I’ve read several forum discussions on this topic, but it’s not yet clear to me what the goal is for holding. I wonder if other LPs have the same conundrum…

1 Like

this is a good point. I’ve been selling half of the INDEX received and keeping the other half. I’m actually not sure what the INDEX governance allows? Would it be possible to have a vote to by-pass the DPI criteria and force adding SUSHI to DPI?

Im not sure I agree higher APY is more transactional.

I also think you risk losing a lot of benefits of rewards in the first place. For example, the Sushi ETH/DPI pool now rewards more than the Uniswap pool.

At that point, you risk fracturing the liquidity which from a purely selfish protocol perspective is actually bad. That’s ignoring the game theory and behavioural econ of creating a community, creating actual loyalty, and incentive alignment around token distribution.

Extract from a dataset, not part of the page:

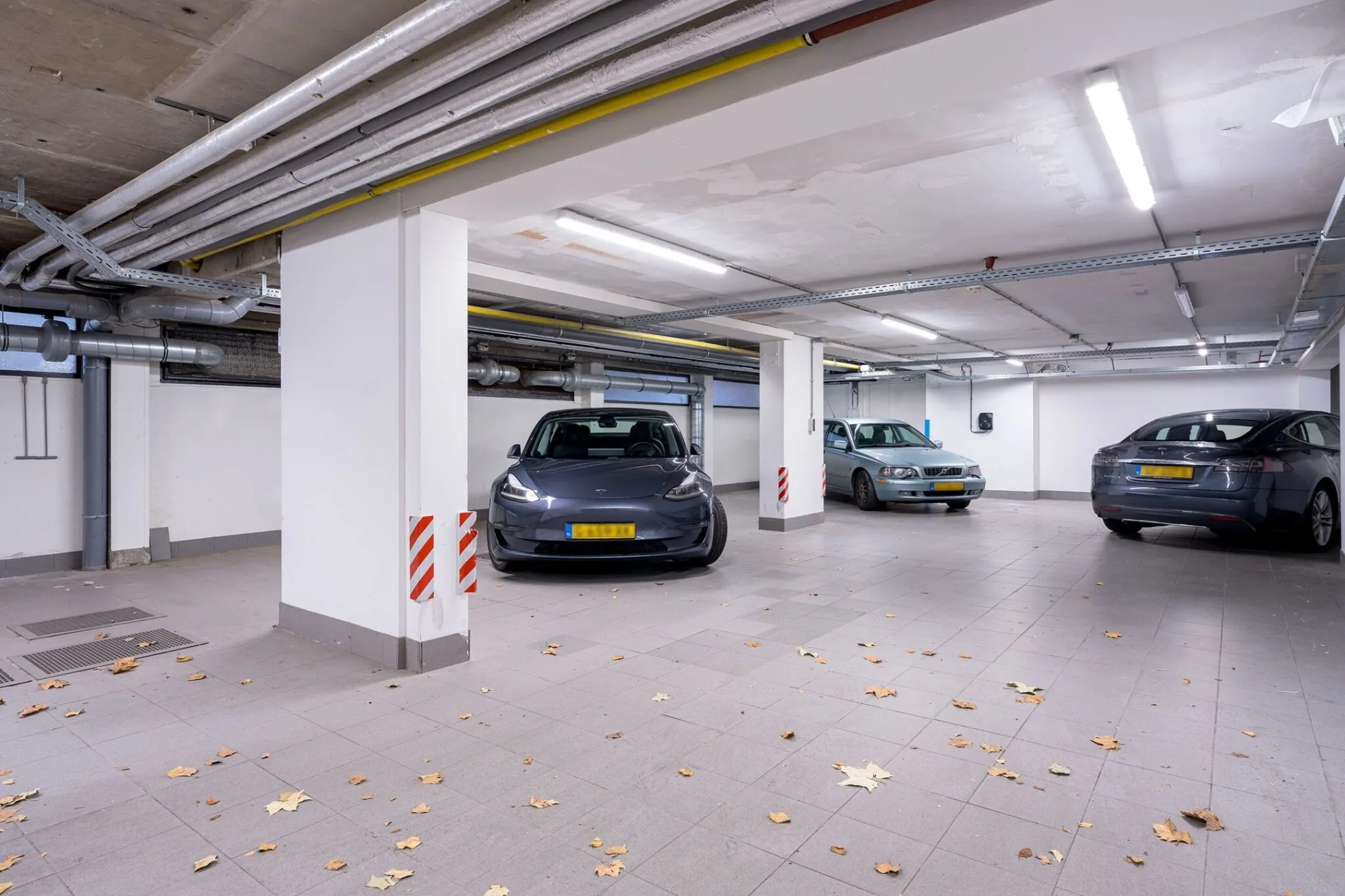 Ondergrondse parkeergarage bij Keizersgracht 452 met drie geparkeerde auto's en gevallen bladeren op de vloer.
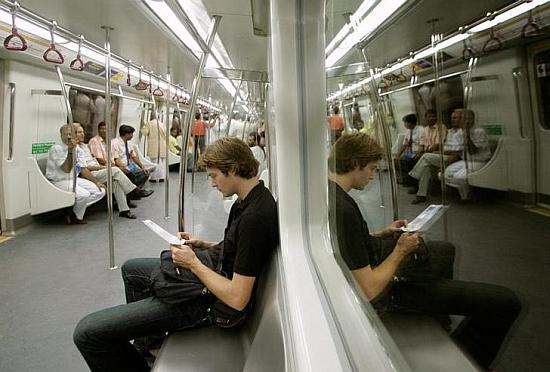 Passengers sit inside a Delhi Metro Rail compartment.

A big reason Ethereum is successful is not because people like it more, it’s because they hold big bags of it, and thus they are incentivized to try and make it work and ignore competing protocols. The same goes for Index.

If you want a lot of people to love Index, make it worth their while, give them a real stake in the protocol.

1 Like

I think we need to discuss this again in a new IIP
The current APY is pretty low at around 15% - I think we should raise it bc:

  • New DPI/ETH-LPs joined the pool so we can distribute more $INDEX to more individuals
  • competitive APY should be above 20%, I would propose 30-60%, but this can be discussed

What do you think ?

Why? Lower APY is not affecting the liquidity or TVL of DPI. Instead of incentivising LPs (and I’m one of them), wide distribution of $INDEX should be achieved through contributor rewards, things like the upcoming Dharma partnership and other growth & marketing initiatives coming out of the GWG.



We don;t get to decide the APY, we provide the INDEX tokens as incentive, then the market decides how much liquidity to add to the pool and stake. It looks like the market has settled about 25%.

At the moment I think the INDEX liquidity mining is driven by iniertia.

There isn’t a great deal of divergence loss between ETH and DPI, and no action was required at the start of Jan to stake and unstake. So most probably just let it ride.

If we decide to continue after the start of Feb, I would be thinking of reducing the number of INDEX issued each day.

We want distribution of INDEX, and we want a large liquidity pool (reduces slippage, allows arbitrage at lower deviations from NAV, and gives larger holders confidence they can exit whenever required).

Over 50% of DPI is outside our incentivised pool, this is the goal as otherwise the coop is -ve cashflow.


Another question which was raised somewhere else, why do we incentive uniswap? And no other platforms? What does uniswap do for index coop?
Maybe I saw this discussion over at PieDAO. They have some nice discussions, too. :slight_smile:

For better or worse, Uniswap is where the foot traffic is. It’s a marketing tool as well.

Being a top liquidity or volume pair on Uni’s board is marketing in itself.


I find this (slightly out of date) interesting:


Given the fees are equal, a rational market would likely trade on the largest pool. This is true for DPI, but most INDEX trade is on Uni while the liquidity is on sushi.

The only explanation is that more people need to use Dex aggregators.